I’ve had to take a break from my MTA Subway Fares series to focus on other things like my second semester of graduate school, summer internship opportunities, and applying to a new graduate program. As part of the last item, I’ve been tasked with answering a data challenge using the NYC Open Data Portal. I think every data scientist who’s used the portal has a love-hate relationship with it. As one of the first in the country, it’s an important milestone in the battle for local governments to open their data stores to the public, but it’s definitely not the ideal platform for data access. The interface is slow to execute queries and creating views from the datasets is a time-intensive process, especially for large data sets like the 311 Service Request data set I’m using for my answer to the data challenge. This data set is a trove of interesting data points on the concerns of average New Yorkers. My intention is to look at trends in service requests based on neighborhood demographics compiled by the US Census. This requires filtering the data for those events with easily mapped locations (I only have a week to do the project so no fancy address to lat/long conversions) and then doing a spatial join with the census tracts. From my MTA Subway Fares project, I already had census tract data for New York City. What I didn’t have was a good working knowledge of MySQL, which is essential for working with a data set of this size. Here’s what I’ve learned:
- Always start small. Validate the methods and workflow with small samples of the data. Working with large datasets create a number of challenges intrinsic to being large that obscure the underlying issues with the data. Solve the data issues first then deal with the scaling issues.

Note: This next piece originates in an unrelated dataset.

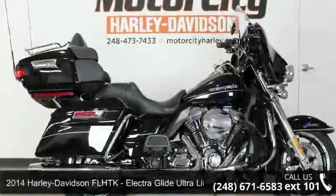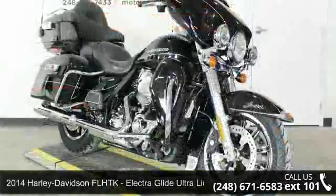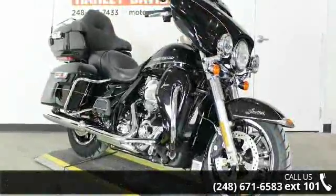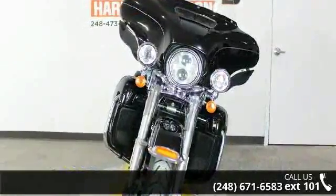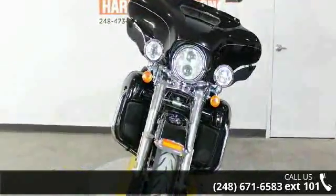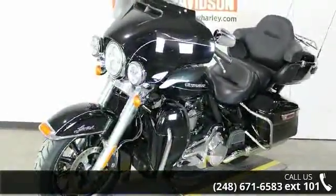Check out this 2014 Harley-Davidson FLHTK Electra Glide Ultra Limited. If you are looking for a great motorcycle, this one could be yours today. If you are in the market for a brand new motorcycle, this might be the one. Low mileage is an important factor in your purchase and this one delivers a low odometer reading.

- When it comes to working with large data files, Unix command line tools are simple and amazing. I’ve fallen in love with “sort” and “split.” They are like the hammer and screwdriver you keep handy in the kitchen drawer because you’re always using them. If you don’t know how to use them, learn. Right now.
- Create your database schema early, but don’t get too attached to it. It’ll change, but you won’t know what you need until you commit it to the database and try to upload data. I’m deleting tables constantly because of datatype mismatches that corrupt the input. It’s better to load, test, delete and start over than load all the data and then find all the problems (which also goes back to starting small). Of course, my hope is to reduce the number of load, test, delete, restart cycles as I become more proficient with MySQL.
- MySQL Workbench blows. I use “blow” in the complete technical sense of the term. Navicat works much better, especially for database newbies like me.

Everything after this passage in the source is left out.